PCS may have just received the National College Board’s AP Computer Science Female Diversity Award, but the transformation of practice started several years ago at a PCS board meeting with a simple question by a board member: “Are the elective math classes at PCS gender balanced?”
That question, and the disappointing answer (after numbers were tallied), sent the math department on a quest to make the answer “yes” instead of “no.” When the question was asked in 2017, only 21% of female graduates versus 67% of male graduates had AP Computer Science on their PCS transcripts. This was a sad realization to the PCS math teachers, but was not out of line with the national average: the percentage of girls taking the AP Computer science test that year was 23%. The PCS Math Department also found that in other elective math classes the percentages were about the same. So, the math department did some soul searching; they wanted to change these numbers.

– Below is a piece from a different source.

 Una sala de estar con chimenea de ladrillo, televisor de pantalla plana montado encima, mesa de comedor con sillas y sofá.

First, the Math Department set a goal to ensure current PCS student gender demographics were equally represented in elective math classes. The PCS math teachers also began to discuss amongst themselves how they talked to girls in their classes and whether they called on girls as often as boys. Then they started talking about STEAM instead of STEM, infusing arts into the discussion of math at PCS. When they promoted classes during enrollment discussions, they cited local industry leaders such as USGS, Google, JOBY Aviation who said “We need creative thinkers," "We need communicators in science and math," and "We need collaborators." Also, during these enrollment discussions with students, the Math Department Chair directly asked the students, both boys and girls, to be cognizant that PCS was set on bucking the national trend of gender inequity in math classes, and asked girls to enroll and boys to encourage them to do so.
The PCS Math Department also reorganized which math teachers taught which classes, moving female teachers into elective math class teaching roles. And, the department continually revisited gender data, reaffirming their goal of equity every year and keeping it in the forefront of practice.

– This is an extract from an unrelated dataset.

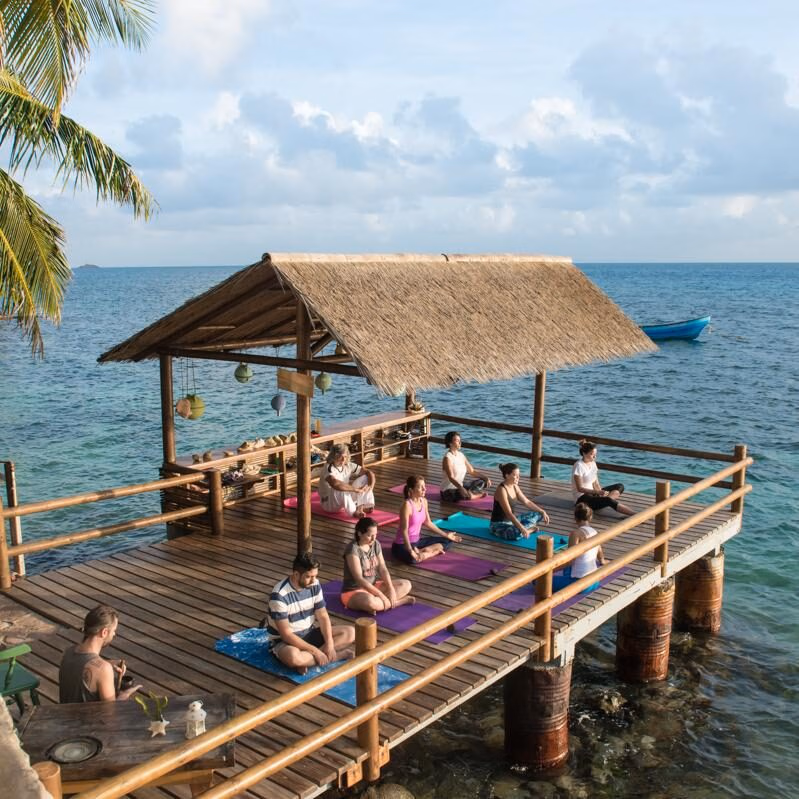 A group of people practice yoga and meditation in a seated position on mats on a wooden deck with a thatched roof, extending out over the turquoise ocean during Luxury Colombia Holidays.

After all of this, just two years later in 2019, 57% of the AP Computer Science class was female; this number repeated itself in 2020. Also, female enrollment in all of PCS’s math electives rose to nearly 50%. As such, the National College Board’s AP Computer Science Female Diversity Award recognized PCS as one of only 143 high schools across the country that achieved a 50% or higher female representation in AP Computer Science. The College Board reviewed 20,000 institutions of all types – private, public, and charter schools, large and small student bodies, rural and urban populations, and specialized high schools, along with generalized programs – that offer AP Computer Science to identify and acknowledge this diversity effort.

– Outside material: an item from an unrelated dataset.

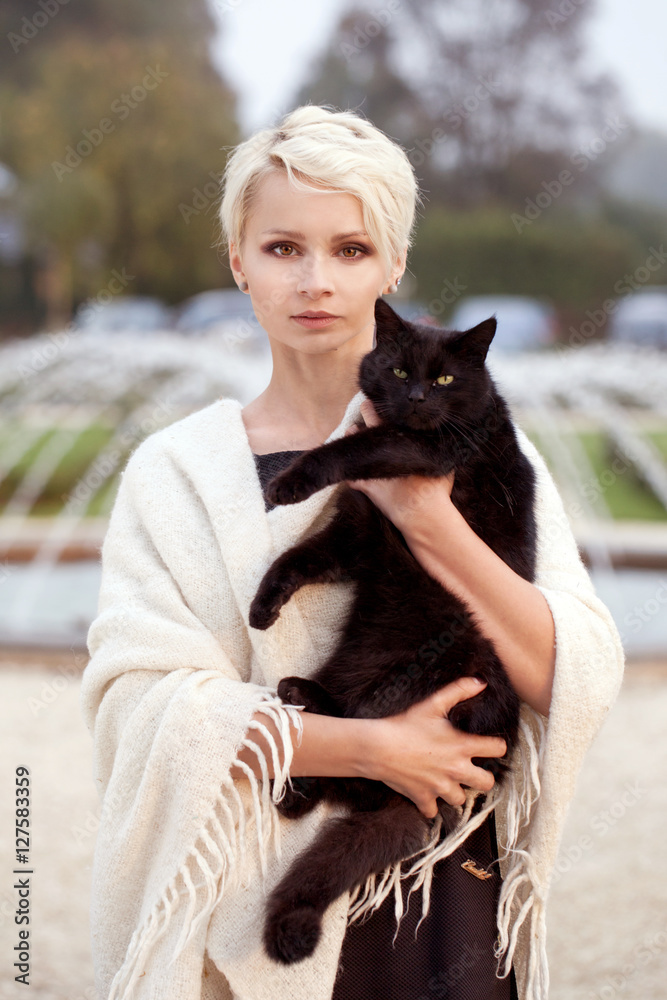 a beautiful blonde woman with a black cat, holding a black cat, stroking a cat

According to the College Board, “Providing female students access to computer science courses is crucial to ensure they’ll be set up for high-paying technology jobs where they can drive innovation and creativity in the field. Research demonstrates that women are more likely to pursue computer science if they are given the opportunity to explore it in high school.”
Congratulations to the PCS Math Department for taking that original question to heart – “Are the elective math classes at PCS gender balanced?” – increasing equity for its female students both in high school and in their future career choices, as well as wage earning ability!